### PROBLEM
As soon as the line containing "Prismacolor - Black, Blue, Green, Red" appears in the material below, start returning lines exactly, and end with the line containing "CHROME HEARTS(クロムハーツ) 氷室京介".

### RECORDS FOR THE EXERCISE
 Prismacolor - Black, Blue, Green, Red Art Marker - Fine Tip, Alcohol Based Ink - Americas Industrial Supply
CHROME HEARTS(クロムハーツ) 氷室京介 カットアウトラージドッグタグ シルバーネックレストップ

--

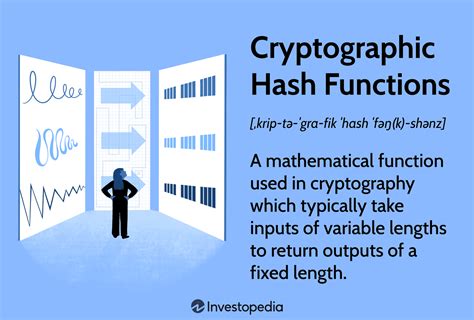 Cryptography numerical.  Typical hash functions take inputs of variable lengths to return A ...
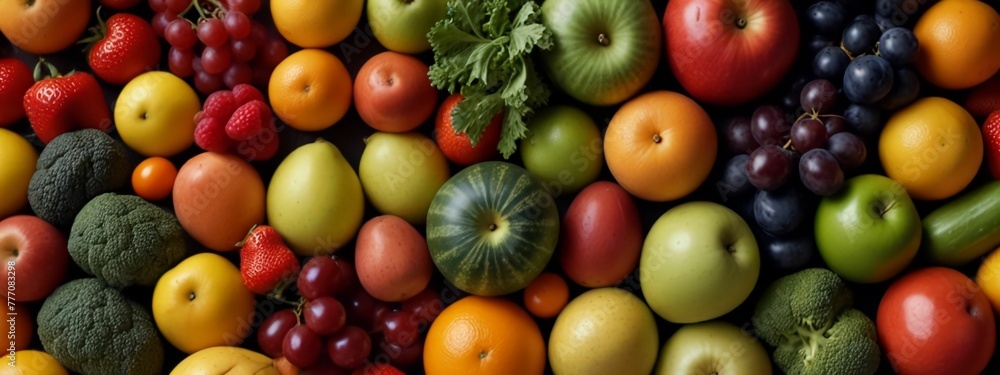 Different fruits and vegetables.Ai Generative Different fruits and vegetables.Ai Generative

### SOLUTION
 Prismacolor - Black, Blue, Green, Red Art Marker - Fine Tip, Alcohol Based Ink - Americas Industrial Supply
CHROME HEARTS(クロムハーツ) 氷室京介 カットアウトラージドッグタグ シルバーネックレストップ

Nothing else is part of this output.